- _TASK STATEMENT_
Your job with the data below is to output exactly the lines from the one holding "Nicia Citrine and" down to the one holding "Siliconen taartvorm Ø", both included, and no others.

::: PROVIDED ENTRIES

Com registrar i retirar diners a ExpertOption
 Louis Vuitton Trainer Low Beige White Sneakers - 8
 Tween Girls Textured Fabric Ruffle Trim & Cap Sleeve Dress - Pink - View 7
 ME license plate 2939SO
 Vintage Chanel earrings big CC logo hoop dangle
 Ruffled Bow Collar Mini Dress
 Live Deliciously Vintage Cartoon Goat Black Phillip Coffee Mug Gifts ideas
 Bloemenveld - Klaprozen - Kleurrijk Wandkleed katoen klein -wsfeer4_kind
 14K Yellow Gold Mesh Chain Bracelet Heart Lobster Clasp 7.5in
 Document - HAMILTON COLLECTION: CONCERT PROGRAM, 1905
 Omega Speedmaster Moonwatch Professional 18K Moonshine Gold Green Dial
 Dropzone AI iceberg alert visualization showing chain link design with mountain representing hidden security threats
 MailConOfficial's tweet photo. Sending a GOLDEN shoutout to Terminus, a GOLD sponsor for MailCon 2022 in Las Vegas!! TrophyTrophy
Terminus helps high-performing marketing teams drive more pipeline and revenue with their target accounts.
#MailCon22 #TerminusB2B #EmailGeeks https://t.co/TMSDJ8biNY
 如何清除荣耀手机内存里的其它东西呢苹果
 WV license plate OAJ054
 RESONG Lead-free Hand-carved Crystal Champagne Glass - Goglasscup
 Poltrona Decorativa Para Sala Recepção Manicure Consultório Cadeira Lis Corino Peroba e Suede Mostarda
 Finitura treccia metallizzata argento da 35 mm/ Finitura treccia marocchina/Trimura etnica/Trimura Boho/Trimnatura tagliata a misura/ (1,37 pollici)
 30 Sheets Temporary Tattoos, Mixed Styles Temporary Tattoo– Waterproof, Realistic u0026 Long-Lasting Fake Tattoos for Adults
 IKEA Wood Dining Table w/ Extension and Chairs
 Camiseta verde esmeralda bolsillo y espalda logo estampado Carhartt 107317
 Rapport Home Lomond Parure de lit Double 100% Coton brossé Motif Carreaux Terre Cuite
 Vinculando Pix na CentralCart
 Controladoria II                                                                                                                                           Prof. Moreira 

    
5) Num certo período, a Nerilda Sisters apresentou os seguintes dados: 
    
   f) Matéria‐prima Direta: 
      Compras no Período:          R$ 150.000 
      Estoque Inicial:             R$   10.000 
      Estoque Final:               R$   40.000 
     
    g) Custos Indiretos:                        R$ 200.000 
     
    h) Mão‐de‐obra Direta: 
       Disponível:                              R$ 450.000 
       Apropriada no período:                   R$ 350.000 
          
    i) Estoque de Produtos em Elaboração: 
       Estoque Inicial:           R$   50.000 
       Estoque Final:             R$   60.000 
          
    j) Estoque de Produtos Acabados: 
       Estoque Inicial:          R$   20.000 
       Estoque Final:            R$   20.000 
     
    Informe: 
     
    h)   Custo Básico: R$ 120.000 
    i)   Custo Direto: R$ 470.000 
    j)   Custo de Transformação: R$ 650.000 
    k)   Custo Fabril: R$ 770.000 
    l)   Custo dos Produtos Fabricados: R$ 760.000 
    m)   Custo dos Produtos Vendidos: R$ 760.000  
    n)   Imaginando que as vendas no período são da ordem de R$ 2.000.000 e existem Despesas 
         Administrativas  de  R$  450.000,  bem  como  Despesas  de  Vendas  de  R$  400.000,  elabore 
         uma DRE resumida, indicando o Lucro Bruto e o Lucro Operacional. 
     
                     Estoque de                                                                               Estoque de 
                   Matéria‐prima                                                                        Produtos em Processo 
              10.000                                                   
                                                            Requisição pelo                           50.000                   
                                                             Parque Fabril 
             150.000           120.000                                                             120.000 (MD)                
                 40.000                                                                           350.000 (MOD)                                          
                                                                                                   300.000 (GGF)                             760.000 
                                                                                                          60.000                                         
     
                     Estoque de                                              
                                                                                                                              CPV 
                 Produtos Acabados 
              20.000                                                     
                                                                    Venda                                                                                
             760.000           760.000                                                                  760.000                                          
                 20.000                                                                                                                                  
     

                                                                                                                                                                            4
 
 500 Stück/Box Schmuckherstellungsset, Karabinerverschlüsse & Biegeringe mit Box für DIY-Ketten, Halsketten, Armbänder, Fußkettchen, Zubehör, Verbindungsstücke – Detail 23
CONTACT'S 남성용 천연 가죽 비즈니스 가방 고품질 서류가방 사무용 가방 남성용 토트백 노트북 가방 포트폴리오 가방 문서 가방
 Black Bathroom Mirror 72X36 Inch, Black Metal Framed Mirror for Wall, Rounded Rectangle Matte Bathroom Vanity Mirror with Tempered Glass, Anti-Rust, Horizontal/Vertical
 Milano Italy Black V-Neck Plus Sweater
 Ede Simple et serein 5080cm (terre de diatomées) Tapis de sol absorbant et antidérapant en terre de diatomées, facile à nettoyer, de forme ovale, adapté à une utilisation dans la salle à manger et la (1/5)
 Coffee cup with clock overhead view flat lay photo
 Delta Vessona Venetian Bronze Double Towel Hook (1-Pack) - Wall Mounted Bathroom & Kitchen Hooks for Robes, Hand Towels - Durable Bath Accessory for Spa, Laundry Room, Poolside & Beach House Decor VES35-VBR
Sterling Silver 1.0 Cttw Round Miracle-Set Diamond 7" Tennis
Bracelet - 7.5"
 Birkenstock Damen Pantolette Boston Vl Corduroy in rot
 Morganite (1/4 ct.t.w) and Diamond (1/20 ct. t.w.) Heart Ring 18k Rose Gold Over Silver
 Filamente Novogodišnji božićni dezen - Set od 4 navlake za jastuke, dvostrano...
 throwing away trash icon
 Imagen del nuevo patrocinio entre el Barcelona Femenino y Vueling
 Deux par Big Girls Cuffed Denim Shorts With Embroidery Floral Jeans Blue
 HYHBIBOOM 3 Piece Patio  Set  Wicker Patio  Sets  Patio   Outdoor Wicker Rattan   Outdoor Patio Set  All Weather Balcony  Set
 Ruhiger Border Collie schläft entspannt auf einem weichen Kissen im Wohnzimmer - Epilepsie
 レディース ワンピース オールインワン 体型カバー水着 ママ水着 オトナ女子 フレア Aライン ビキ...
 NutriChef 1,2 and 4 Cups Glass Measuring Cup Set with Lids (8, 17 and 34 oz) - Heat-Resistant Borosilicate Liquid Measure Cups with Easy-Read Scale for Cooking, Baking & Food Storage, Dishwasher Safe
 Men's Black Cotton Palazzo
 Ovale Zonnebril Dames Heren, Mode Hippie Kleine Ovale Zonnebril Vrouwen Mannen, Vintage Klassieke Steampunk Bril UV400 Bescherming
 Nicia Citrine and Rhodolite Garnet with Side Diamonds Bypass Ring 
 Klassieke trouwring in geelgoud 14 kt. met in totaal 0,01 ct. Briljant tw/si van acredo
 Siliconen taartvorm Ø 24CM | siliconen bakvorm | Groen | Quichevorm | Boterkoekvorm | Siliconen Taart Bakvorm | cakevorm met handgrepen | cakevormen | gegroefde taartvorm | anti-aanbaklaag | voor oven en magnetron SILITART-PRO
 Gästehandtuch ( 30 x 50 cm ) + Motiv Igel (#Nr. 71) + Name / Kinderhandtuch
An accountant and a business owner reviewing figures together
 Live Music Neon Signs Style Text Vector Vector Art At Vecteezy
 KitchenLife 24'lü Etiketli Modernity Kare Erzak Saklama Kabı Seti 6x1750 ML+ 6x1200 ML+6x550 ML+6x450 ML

::::::

- _ANSWER FOR THIS EXERCISE_
 Nicia Citrine and Rhodolite Garnet with Side Diamonds Bypass Ring 
 Klassieke trouwring in geelgoud 14 kt. met in totaal 0,01 ct. Briljant tw/si van acredo
 Siliconen taartvorm Ø 24CM | siliconen bakvorm | Groen | Quichevorm | Boterkoekvorm | Siliconen Taart Bakvorm | cakevorm met handgrepen | cakevormen | gegroefde taartvorm | anti-aanbaklaag | voor oven en magnetron SILITART-PRO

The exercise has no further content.